Nurse supervisors' actions in relation to their decision-making style and ethical approach to clinical supervision
Article first published online: 6 MAR 2003
Journal of Advanced Nursing
Volume 41, Issue 6, pages 615–622, March 2003
How to Cite
Berggren, I. and Severinsson, E. (2003), Nurse supervisors' actions in relation to their decision-making style and ethical approach to clinical supervision. Journal of Advanced Nursing, 41: 615–622. doi: 10.1046/j.1365-2648.2003.02573.x
- Issue published online: 6 MAR 2003
- Article first published online: 6 MAR 2003
- Submitted for publication 22 May 2002 Accepted for publication 29 November 2002
- clinical nursing supervision;
- decision-making style;
- ethical approach;
Aim. The aim of the study was to explore the decision-making style and ethical approach of nurse supervisors by focusing on their priorities and interventions in the supervision process.
Background. Clinical supervision promotes ethical awareness and behaviour in the nursing profession.
Methods. A focus group comprised of four clinical nurse supervisors with considerable experience was studied using qualitative hermeneutic content analysis.
Findings. The essence of the nurse supervisors' decision-making style is deliberations and priorities. The nurse supervisors' willingness, preparedness, knowledge and awareness constitute and form their way of creating a relationship. The nurse supervisors' ethical approach focused on patient situations and ethical principles. The core components of nursing supervision interventions, as demonstrated in supervision sessions, are: guilt, reconciliation, integrity, responsibility, conscience and challenge. The nurse supervisors' interventions involved sharing knowledge and values with the supervisees and recognizing them as nurses and human beings.

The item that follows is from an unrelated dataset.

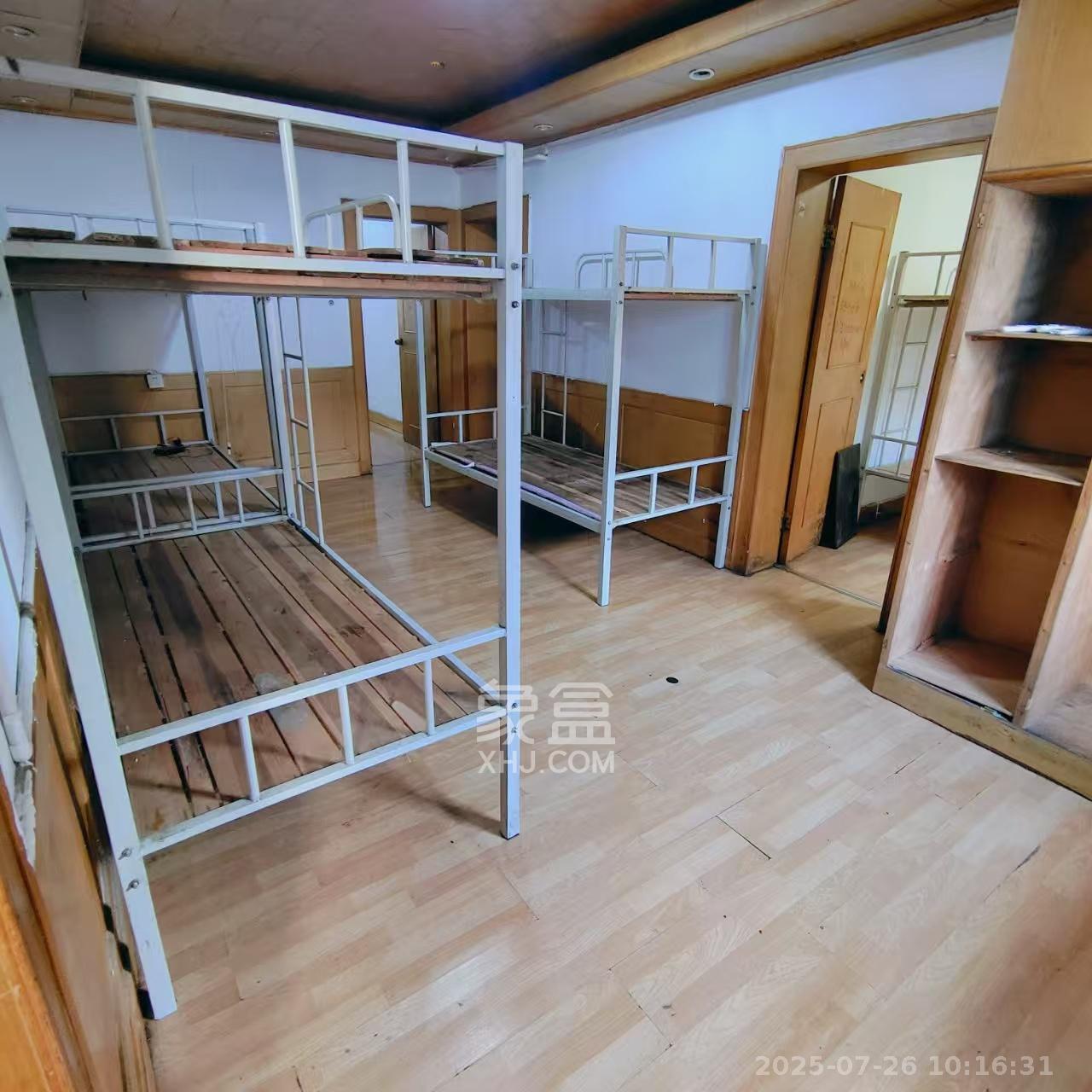 三兴街烟草专卖局宿舍  3室1厅1卫   2800.00元/月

Conclusion. Nurse supervisors frequently reflected upon the ethical principle of autonomy and the concept and substance of integrity. The nurse supervisors used an ethical approach that focused on caring situations in order to enhance the provision of patient care. They acted as role models, shared nursing knowledge and ethical codes, and focused on patient related situations. This type of decision-making can strengthen the supervisees' professional identity. The clinical nurse supervisors in the study were experienced and used evaluation decisions as their form of clinical decision-making activity. The findings underline the need for further research and greater knowledge in order to improve the understanding of the ethical approach to supervision.